Schöne Lernerfahrungen einer Studentin, die den lösungsfokussierten Ansatz zum ersten Mal in einem Change-Projekt anwendet.

Schöne Lernerfahrungen einer Studentin, die den lösungsfokussierten Ansatz zum ersten Mal in einem Change-Projekt anwendet. Und es zeigt sich wieder „It’s simple, but not easy!“: Es lohnt sich sehr die einfachen lösungsfokussierten Grundsätze anzuwenden und in der Umsetzung ist dies gar nicht so einfach!

„The SF process was difficult – I found that when discussing current conditions I often wanted to focus on the past! – but effective. Sticking to the agenda of focusing on the current conditions, future conditions, strengths, scaling, and commitment levels at each client meeting was the hardest part. Learning to listen and guide the conversation by using the right language was challenging but efficient in continuing the process. One thing I need to focus on in order to further develop is making sure I use affirmative language, and ensure that topics and themes are discussed are actionable terms. I gained a lot of confidence by learning something completely new!

Und hier die ganze Geschichte erzählt von David E. Weber:

„Hello. This semester (January to May 2015) I worked with a fourth-year student named Sara on a directed individual study (D.I.S.) project. This kind of project involves a professor working one-to-one with a student in order for the student to learn, often experientially, what he or she would not necessarily learn in the classroom.

Sara spent 16 weeks with me last semester (August to December 2014) as one of 16 students enrolled in an organizational communication module. Over a period of several days, I taught the basic „pieces of the puzzle“ for taking an SF approach to facilitating change. More than any other student, Sara wanted to try out and amplify, expand and extend those basic skills. So she arranged for a D.I.S. this semester, and arranged to serve as a solutions-focus consultant with a local church that was facing some challenges revolving around change.

Sara and I would meet once a week. I would coach her on learning a certain set of steps that she would then, a day or two later, perform during a meeting with members of the client organization (primarily working with the pastor of the church). At our next session, we would debrief her experience, and then I would coach her in learning the next set of steps. And so it went.

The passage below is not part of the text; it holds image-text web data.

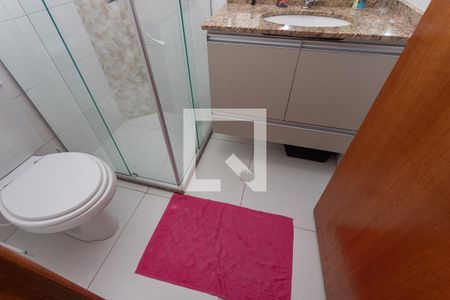 Apartamento à venda com 66m², 2 quartos e 1 vagaBanheiro social 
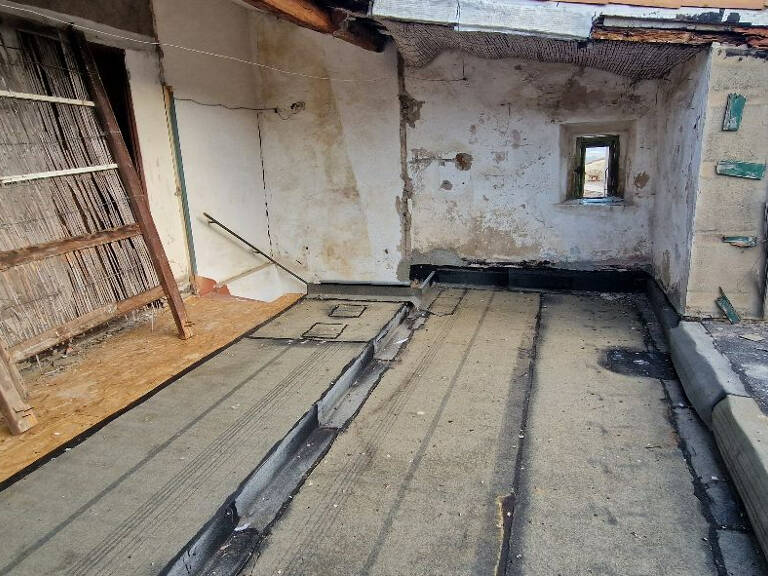 Maison a rénové de 180m2 avec une terrasse — photo 1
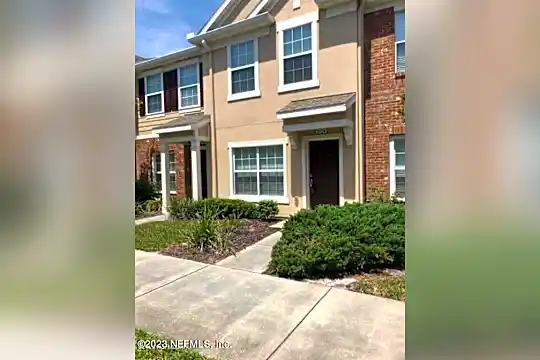 8104 Summer Gate Ct Photo 1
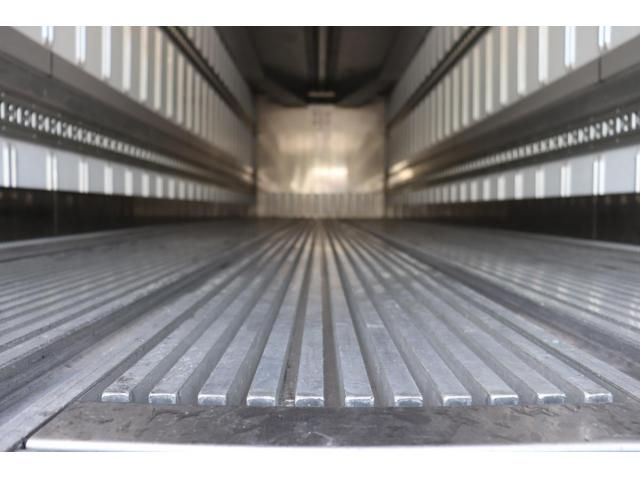 Mitsubishi GREAT 2021-06 8332027-7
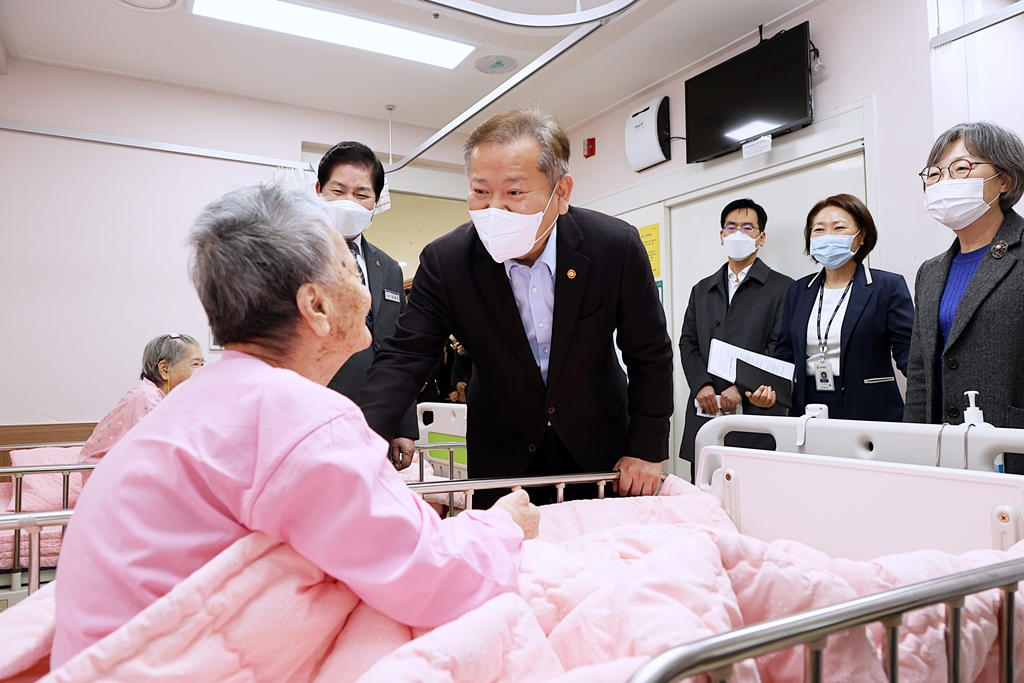 이상민 행정안전부 장관이 2일 오후  전남 고흥군 국립소록도병원을 방문하여 입원치료 중인 환자들을 위문 격려하고 있다.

Sara completed the four-month consulting project about a week ago. Today she submitted to me a project report, several pages long. From that report, I would like to share the following paragraph, in which Sara reflects on her hands-on experience learning and working with SF tools:

„Doing this D.I.S. has been one of the best learning experiences I have ever had. It was a great opportunity to learn a process and then be able to practice it. I discovered that I really enjoyed consulting even though it was a lot different than I thought it would be. The SF process was difficult–I found that when discussing current conditions I often wanted to focus on the past!–but effective. Sticking to the agenda of focusing on the current conditions, future conditions, strengths, scaling, and commitment levels at each client meeting was the hardest part. Learning to listen and guide the conversation by using the right language was challenging but efficient in continuing the process. One thing I need to focus on in order to further develop is making sure I use affirmative language, and ensure that topics and themes are discussed are actionable terms. I gained a lot of confidence by learning something completely new!“

Thanks to all of YOU for inspiring me to work with Sara in this project. Sara did all the work, however; I never met the client, or even talked with organizational personnel on the phone.

David W.“

David E. Weber, Ph.D.
Associate Professor,
Communication Studies
U of North Carolina Wilmington
601 South College Road
Wilmington NC 28403 U.S.A.
Tel. (direct line) 01.910.962.3396
Email: weberd@uncw.edu

Danke, lieber David, dass wir deinen Beitrag hier abdrucken und zeigen können, dass es sich lohnt, lösungsfokussiert zu arbeiten!